Al Comunale ritorna lo spettacolo già firmato da Fassini e Orlandi, con una compagnia di canto deficitaria su più fronti; una lettura d’eccezione viene tuttavia dal giovane direttore Jader Bignamini
di Francesco Lora
LA STAGIONE 1999-2000 del Teatro Comunale di Bologna si aprì con una Tosca di Puccini. Letta allora, la locandina prometteva routine; letta oggi, fa venire i lucciconi agli occhi: Daniele Gatti, Daniela Dessì, Vincenzo La Scola e Ruggero Raimondi. Non fu invece gran cosa, in assoluto, l’allestimento scenico con regìa di Alberto Fassini e scene e costumi di William Orlandi: l’anno precedente, d’altra parte, era andato in scena un memorabile Dom Sébastien di Donizetti, con favolose immagini teatrali di Pier Luigi Pizzi. Lasciata al rimpianto la parte musicale di quella vecchia Tosca, scene e costumi sono invece usciti dai magazzini per dieci nuove recite, dallo scorso 20 febbraio al 2 marzo prossimo. Si ritrova così la grigia scalinata sul fondo, sopra la quale s’inclinano grigiastre pale d’altare negli atti I e II, e davanti alla quale incombe, nell’atto III, un cartone con l’angelo di bronzo di Castel S. Angelo. Poco colore è portato dall’abito blu della protagonista e dalle tunichette rosse dei pueri cantores. Si ricordava un’immagine e non la si ritrova: l’accumulo di crocifissi sul tavolo di Scarpia, espressione di cupido bigottismo, ora assai ridotto nel numero e nell’effetto. Più in generale, la nuova regìa di Gianni Marras vorrebbe togliere la polvere a quella di Fassini, ma né riesce a ripristinarne la confortevole atmosfera tradizionale, né riesce a procurare sciolta recitazione a cantanti troppo in affanno con la musica.

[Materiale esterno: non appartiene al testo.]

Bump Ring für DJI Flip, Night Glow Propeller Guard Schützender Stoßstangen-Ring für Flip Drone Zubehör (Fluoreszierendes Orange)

Nella prima compagnia, tra le ben tre in cartellone, scendono a mal partito soprattutto le prime parti maschili. Al personaggio di Mario Cavaradossi, Stefano Secco procura non più che le note: sbiancate, flebili e faticose, tuttavia, mentre l’attore sembra rinunciare a ogni volontà espressiva. Caricaturale risulta invece il Barone Scarpia di Raymond Aceto, con quel portamento molleggiato e operettistico, adatto più al sergente Belcore che non a un poliziotto nobile, calcolatore e abbastanza dotto da saper citare, agli albori dell’Ottocento, l’Otello di Shakespeare; ma è inutile cercare le finezze: in un canto scolorito e incerto, le sillabe sono esse stesse articolate una per una, separatamente, così da spezzare il flusso della parola e della frase melodica, e da dimostrare un’insufficiente comprensione del testo verbale e musicale. Rilievo più felice ha invece la Floria Tosca di Ainhoa Arteta, soprano cui non difettano lo smalto, il volume e la grinta, anche a costo di una certa esagitazione verista oggidì obsoleta (il compiaciuto affondo nel registro di petto, la frequente defezione dal cantato al parlato, il risparmio vocale in vista di un acuto ben piazzato). Nelle parti di contorno, si distinguono positivamente lo Spoletta di Cristiano Olivieri, stilizzato e puntiglioso, lo Sciarrone di Luca Gallo, granitico in superficie ma capace di sfumature accorate, e il Pastore di Valentina Puccini, tanto educata nel canto quanto spontanea nell’espressione.
Eccellente è infine la concertazione di Jader Bignamini, corso quasi all’ultimo momento per sostituire un collega, e venuto a confermarsi – insieme con Michele Mariotti – come il più interessante e maturo giovane direttore italiano. Il dominio tecnico, affinato in anni di assistenza a Riccardo Chailly, gli fa estrarre dall’Orchestra e dal Coro del Teatro Comunale colori insospettati, controcanti dimenticati, echeggi di corno tanto orgogliosi e perfetti da illudere l’ascoltatore d’essere non a Bologna, ma a Dresda o a Vienna. Pur al cospetto di una compagnia deficitaria su più fronti, non manca mai il suo sostegno amorevole al cantante, puntualmente raccolto anche laddove il solfeggio ceda alla fantasia. E il narratore è superbo, sia nella mollezza data al canto di conversazione, sia nell’incandescenza versata sotto gli scontri a nervi tesi, sia nella tagliente monumentalità impressa al Te Deum. Studiata a fondo l’opera che tutti credono di aver già nella bacchetta, in nome della tradizione pigra, ecco venir fuori una Tosca differente e migliore.